The schools that Mukti established were designed not to take the children out of their environment completely, which is what some charities were offering, but to keep them connected to their family and community. Swami Ambikananda also set up a Yoga Association where like-minded people could share their skills and help to get the project moving. She tells me when the project was in its inception, the vision was truly to implement karma yoga – namely helping the community selflessly, without expectation of gain or reward. The charity was Yoga Association and the Mukti project was set up as part of that.

One popular method of raising money and awareness for the Mukti project is the sponsored Surya Namaskarathon. She encourages all practitioners, students and non-students of yoga to contact Mukti and get involved in at least the namaskaram every year to raise money for the charity.

Another school that Mukti is currently working with is aptly called Karam Marg, meaning the ‘way of action’. Karam Marg was the brainchild of a group of children who lived on the Delhi train platforms and some adult friends. Mukti have granted Karam Marg funds so that 30 children can attend school and learn skills that will help them seek employment and become independent. The success comes from the fact that the home is managed by the children themselves. “Their dream is to set up a village of these children so we’re involved with them too.”

Aside from raising funds and the profile of the Mukti project, Swami has recently set up a further project, the Live Your Yoga Project. This is a month by month course enabling individuals to learn and practise yoga. All the proceeds after tax are donated to Mukti. “Change happens,” she says. “Things can’t happen otherwise and sometimes when I speak to teachers and say ‘please lend yourself to this cause’ and they say ‘what has this got to do with my yoga?’”

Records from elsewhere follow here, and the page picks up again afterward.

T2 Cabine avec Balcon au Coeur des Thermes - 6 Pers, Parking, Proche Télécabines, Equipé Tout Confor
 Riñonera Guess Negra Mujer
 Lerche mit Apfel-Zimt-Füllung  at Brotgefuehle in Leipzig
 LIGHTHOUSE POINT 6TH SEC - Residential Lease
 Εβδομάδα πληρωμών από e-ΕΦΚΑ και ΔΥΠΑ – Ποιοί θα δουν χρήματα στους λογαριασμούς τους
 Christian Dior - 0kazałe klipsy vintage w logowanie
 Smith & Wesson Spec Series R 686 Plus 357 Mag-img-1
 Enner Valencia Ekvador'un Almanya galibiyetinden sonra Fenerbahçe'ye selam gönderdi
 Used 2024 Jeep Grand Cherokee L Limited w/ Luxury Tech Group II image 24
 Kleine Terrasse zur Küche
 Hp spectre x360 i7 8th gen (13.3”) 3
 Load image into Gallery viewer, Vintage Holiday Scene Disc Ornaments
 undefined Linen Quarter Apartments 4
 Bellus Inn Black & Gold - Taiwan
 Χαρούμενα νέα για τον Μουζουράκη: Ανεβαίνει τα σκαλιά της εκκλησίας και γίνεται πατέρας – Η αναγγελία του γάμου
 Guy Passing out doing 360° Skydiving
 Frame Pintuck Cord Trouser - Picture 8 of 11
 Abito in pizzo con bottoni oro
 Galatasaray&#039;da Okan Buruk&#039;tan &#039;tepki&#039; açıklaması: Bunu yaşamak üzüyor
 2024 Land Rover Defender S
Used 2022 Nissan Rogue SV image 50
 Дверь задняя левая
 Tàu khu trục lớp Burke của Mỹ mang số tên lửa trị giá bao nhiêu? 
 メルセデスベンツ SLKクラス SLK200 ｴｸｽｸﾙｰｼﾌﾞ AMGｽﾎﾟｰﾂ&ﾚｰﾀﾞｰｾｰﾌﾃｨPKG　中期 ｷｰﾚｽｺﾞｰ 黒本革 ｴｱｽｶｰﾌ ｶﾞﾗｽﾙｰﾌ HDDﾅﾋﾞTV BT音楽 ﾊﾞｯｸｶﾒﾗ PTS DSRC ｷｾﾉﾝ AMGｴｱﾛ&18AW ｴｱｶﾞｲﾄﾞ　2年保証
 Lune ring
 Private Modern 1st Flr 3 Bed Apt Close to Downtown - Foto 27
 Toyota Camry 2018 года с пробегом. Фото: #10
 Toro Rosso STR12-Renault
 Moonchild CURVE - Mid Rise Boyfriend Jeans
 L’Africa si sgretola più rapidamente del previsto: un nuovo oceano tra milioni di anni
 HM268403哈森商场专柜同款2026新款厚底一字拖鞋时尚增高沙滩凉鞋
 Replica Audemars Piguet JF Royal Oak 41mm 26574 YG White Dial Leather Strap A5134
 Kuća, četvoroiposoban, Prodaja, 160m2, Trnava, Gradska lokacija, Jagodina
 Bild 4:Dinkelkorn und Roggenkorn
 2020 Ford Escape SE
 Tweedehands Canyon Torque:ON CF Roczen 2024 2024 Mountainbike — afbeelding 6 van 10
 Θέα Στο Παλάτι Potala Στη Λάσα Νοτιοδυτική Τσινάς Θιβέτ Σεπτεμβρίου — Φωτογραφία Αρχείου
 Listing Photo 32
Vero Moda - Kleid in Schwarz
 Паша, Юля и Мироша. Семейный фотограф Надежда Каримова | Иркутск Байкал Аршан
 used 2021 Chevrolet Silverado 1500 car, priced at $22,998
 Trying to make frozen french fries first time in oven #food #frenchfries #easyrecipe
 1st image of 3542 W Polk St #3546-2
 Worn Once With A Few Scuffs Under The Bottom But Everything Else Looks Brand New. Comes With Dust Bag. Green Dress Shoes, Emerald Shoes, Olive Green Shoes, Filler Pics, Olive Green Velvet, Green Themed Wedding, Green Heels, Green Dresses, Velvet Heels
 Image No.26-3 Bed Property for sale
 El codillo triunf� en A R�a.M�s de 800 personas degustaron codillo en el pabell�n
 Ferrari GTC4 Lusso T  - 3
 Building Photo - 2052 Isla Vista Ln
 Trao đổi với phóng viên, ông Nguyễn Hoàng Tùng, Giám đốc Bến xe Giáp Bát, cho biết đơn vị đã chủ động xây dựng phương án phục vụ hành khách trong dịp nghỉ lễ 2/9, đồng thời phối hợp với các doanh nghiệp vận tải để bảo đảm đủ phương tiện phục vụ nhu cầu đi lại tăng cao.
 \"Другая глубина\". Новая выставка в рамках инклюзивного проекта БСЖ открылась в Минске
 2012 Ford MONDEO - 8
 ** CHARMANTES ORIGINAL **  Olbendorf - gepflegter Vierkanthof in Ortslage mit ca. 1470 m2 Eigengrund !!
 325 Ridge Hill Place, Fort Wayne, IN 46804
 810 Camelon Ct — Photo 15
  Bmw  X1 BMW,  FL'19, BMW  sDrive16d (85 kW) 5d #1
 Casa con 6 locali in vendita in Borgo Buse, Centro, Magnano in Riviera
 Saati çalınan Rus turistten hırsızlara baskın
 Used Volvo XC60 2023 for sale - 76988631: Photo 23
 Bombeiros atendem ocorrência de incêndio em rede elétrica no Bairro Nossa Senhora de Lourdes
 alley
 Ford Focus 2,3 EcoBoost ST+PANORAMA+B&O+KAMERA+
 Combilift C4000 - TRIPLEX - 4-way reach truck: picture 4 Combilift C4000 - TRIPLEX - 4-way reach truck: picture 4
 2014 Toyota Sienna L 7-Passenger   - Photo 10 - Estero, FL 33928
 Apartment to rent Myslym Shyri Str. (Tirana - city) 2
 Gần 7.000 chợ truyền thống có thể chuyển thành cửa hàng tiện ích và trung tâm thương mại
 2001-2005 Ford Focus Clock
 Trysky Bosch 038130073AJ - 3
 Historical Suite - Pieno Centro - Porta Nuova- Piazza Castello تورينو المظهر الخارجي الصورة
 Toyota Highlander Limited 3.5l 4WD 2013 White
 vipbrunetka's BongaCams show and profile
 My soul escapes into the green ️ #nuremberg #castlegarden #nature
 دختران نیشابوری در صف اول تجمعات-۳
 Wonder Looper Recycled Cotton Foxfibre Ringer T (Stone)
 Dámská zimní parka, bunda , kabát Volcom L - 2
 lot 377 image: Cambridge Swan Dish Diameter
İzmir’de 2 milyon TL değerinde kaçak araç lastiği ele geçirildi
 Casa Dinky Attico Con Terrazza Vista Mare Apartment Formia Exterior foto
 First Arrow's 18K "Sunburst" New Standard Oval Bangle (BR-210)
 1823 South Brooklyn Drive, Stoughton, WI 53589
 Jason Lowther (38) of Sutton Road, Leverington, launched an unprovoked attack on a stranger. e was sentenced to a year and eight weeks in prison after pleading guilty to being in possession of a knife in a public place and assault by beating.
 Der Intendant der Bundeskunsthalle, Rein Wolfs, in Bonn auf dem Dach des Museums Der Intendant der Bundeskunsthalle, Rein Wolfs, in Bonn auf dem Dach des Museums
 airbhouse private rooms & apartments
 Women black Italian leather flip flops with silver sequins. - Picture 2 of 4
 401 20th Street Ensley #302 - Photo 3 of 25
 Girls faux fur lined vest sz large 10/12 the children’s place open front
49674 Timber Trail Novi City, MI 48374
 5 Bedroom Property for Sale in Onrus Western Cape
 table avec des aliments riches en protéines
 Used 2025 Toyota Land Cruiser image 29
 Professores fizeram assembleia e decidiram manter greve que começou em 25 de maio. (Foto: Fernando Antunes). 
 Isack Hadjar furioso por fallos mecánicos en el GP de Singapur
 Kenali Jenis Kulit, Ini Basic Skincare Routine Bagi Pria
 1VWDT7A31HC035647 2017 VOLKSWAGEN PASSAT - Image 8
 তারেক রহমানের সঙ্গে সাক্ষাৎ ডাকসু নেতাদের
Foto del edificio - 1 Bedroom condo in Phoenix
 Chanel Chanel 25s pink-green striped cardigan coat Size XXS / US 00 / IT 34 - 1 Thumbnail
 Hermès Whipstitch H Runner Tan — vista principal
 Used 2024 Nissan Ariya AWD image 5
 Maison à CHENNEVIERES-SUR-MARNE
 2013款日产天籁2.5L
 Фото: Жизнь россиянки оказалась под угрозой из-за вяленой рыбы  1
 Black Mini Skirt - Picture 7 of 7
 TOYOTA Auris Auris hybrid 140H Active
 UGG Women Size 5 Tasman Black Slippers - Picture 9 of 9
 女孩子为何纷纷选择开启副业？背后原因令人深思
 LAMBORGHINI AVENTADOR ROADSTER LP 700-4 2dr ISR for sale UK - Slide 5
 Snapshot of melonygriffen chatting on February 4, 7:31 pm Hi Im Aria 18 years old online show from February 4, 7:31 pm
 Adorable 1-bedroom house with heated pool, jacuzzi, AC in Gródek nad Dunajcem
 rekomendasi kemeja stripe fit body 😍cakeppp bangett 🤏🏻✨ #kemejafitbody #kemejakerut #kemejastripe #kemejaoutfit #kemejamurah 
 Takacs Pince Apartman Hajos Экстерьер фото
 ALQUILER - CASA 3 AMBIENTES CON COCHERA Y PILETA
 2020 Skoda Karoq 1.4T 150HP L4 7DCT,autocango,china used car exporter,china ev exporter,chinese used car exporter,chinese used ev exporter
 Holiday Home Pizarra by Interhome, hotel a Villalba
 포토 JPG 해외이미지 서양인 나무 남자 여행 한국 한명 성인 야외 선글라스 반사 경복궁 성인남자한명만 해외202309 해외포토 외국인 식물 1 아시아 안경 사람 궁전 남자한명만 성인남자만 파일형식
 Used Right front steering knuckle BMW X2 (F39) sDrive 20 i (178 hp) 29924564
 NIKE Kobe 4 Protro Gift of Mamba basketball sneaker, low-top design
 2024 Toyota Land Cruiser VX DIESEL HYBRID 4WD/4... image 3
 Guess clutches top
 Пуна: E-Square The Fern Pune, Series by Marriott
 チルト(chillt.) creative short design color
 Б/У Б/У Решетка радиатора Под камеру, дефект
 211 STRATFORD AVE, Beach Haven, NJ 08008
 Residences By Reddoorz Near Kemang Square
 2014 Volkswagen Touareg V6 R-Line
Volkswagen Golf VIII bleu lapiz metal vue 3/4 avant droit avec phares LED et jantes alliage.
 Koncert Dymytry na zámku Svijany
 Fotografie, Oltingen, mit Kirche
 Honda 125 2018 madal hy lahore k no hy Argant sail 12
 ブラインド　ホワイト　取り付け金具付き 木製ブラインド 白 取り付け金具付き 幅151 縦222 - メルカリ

Yet even in the destitution of bonded labour, the spirit and hope of children shines brightly. Swami Ambikananda poignantly encapsulates the aspirations of the children trapped in this living hell: “Children have such spirits. You will find a seven year old breaking rock, he is hungry and still there is that spark in his eyes and he says, ‘I want to be a doctor’. When will humankind realise that children, too, are our dowry? They can bring us to world peace. One would think it would break their spirit, but that’s not what I see.”